015 Wsdm 2018 Paper Review How to Use Contextual Information in Deep Learning Models

015 WSDM 2018 Paper Review - How to Use Contextual Information in Deep Learning Models #

Today, we will continue to summarize a paper from WSDM 2018 titled “Latent Cross: Making Use of Context in Recurrent Recommender Systems.” This paper, also from the Google team, aims to simulate and implement the effects of widely used “cross features” in recommendation systems using deep models.

Author Information #

All the authors of this paper are from Google, and here we will give a brief introduction to the main authors.

The first author of the paper, Alex Beutel, is a Senior Scientist at Google and joined the company in 2016. Beutel graduated from Carnegie Mellon University with a Ph.D. in Computer Science under the guidance of Alex Smola, an authority in machine learning.

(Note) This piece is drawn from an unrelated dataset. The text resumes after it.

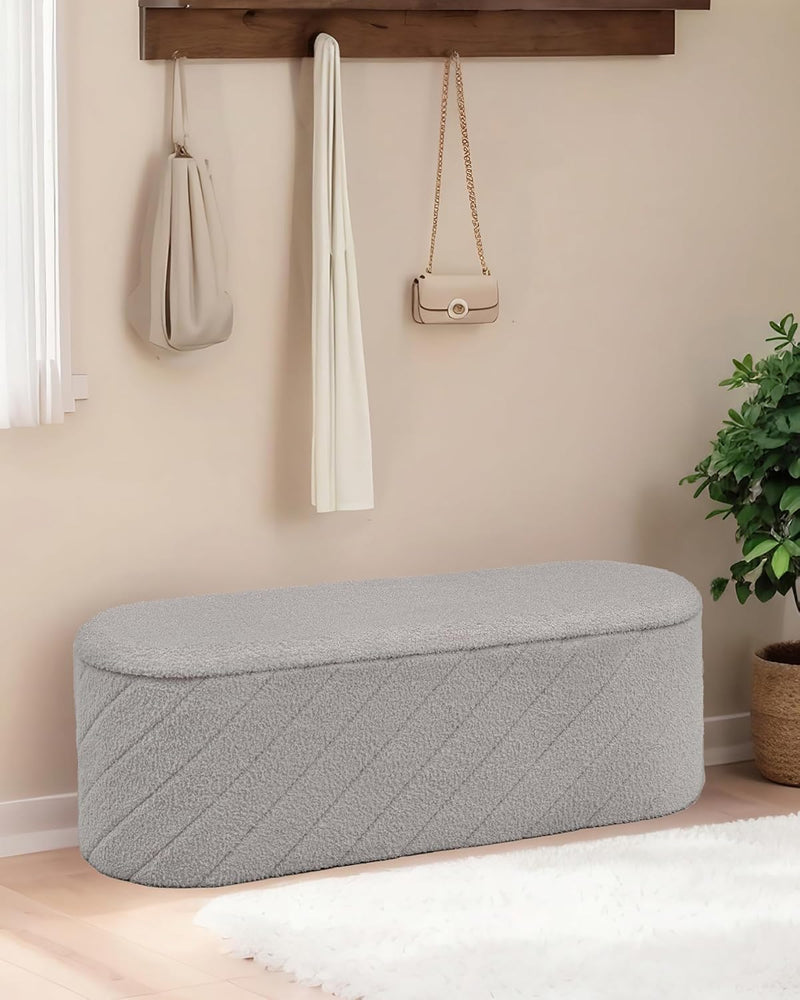 Oval Ottoman with Storage Bench Folding Foot Rest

The last author, Ed H. Chi, is a Chief Scientist at Google. He holds 39 patents and has published more than 110 papers. Prior to joining Google, Chi was a Senior Researcher at the Palo Alto Research Center. Chi received his Ph.D. in Computer Science from the University of Minnesota.

Main Contributions of the Paper #

First, let’s look at the main contributions of this article and outline the problems it addresses in a particular scenario.

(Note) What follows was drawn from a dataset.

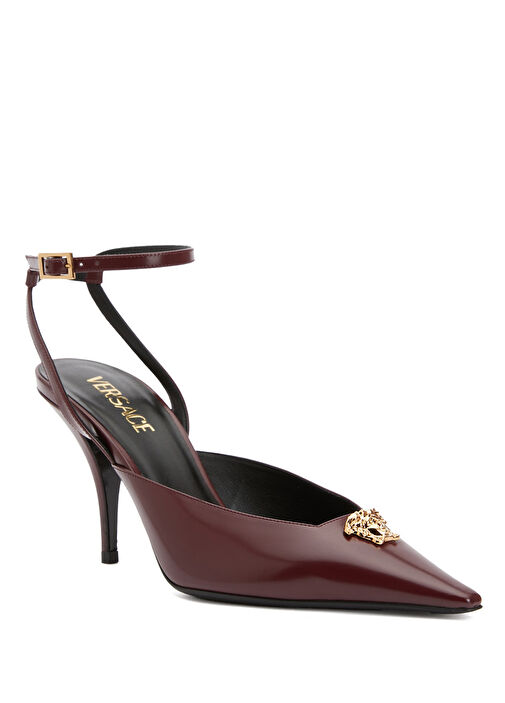 Medusa Bordo Deri Topuklu Ayakkabı - Görsel 4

Recommendation systems often need to model current scenarios, sometimes referred to as “context.” In the past, many traditional methods have explored how to utilize context information for recommendations, such as using tensors for modeling or leveraging temporal characteristics to process context information.

In recent years, with the development of deep learning, more and more deep learning models have been applied in the field of recommendation systems. However, there has been no direct exploration of how to incorporate context into deep learning models. This article aims to make an attempt in this aspect.

One challenging problem arises here. In the past, such context was often represented using “cross-features,” which is the multiplication of two features to create a new feature. This method has been widely used in matrix factorization or tensor factorization models. However, in deep learning, the past practice was to not directly use such cross-features. But in recommendation systems where context is crucial, not utilizing cross-features often leads to suboptimal results.

This article introduces a concept called “latent cross,” which directly operates at the embedding layer, thereby simulating the effect of cross-features in the architecture of deep models.

Core Method of the Paper #

The authors first discuss a common feature in recommendation systems, which is the use of cross-features to achieve a " low-rank " representation, which is a basic assumption of matrix factorization. For example, each rating can be expressed as the dot product of a user vector and an item vector.

So, the authors proposed the following question: Can a Feedforward Neural Network, which is the foundation of deep learning, effectively simulate this structure?

Through simulation and small-scale experiments, the authors empirically verified that deep learning models do not capture the “low-rank” representation brought about by such cross-features very well. In fact, deep learning models need more layers and wider layers to achieve the same effect as the cross-features. This may come as somewhat of a surprise to us. The authors also made corresponding comparisons with traditional RNNs, which will not be restated here.

After obtaining such results, the authors proposed a function called “Implicit Cross.” This function is actually very intuitive. Traditional deep learning models concatenate multiple different pieces of information together as input. “Implicit Cross” multiplies the current input features with contextual information to directly model the “cross-features”.

The benefits of doing this are obvious. Previously, we relied on deep learning models themselves to learn such cross-relationships. Now, the authors directly let contextual information act on input information and other intermediate features, thereby enhancing the impact of contextual information.

The method proposed in this paper can be seen as the first attempt to apply traditional ideas from recommendation systems to the context of deep learning.

Experimental Results of the Methods #

This article conducted experiments using Google’s Youtube data. The authors compared a series of methods and concluded that the combination of RNN with “hidden interactions” achieved better results by 2%~3% compared to using RNN alone. This improvement is already a very significant number.

Summary #

Today, I presented an article from the Google team at WSDM 2018. This article discusses how to apply the cross characteristics commonly found in traditional recommendation system models (such as matrix factorization) to deep learning.

Let’s recap the key points: First, we briefly introduced the author group information of this article. Second, we detailed the problem that this article aims to solve and its contributions. Third, we analyzed the core content of the proposed method in the article and the experimental results.

Finally, I leave you with a question to ponder: Is it a problem of deep models that they cannot capture cross characteristics well by default?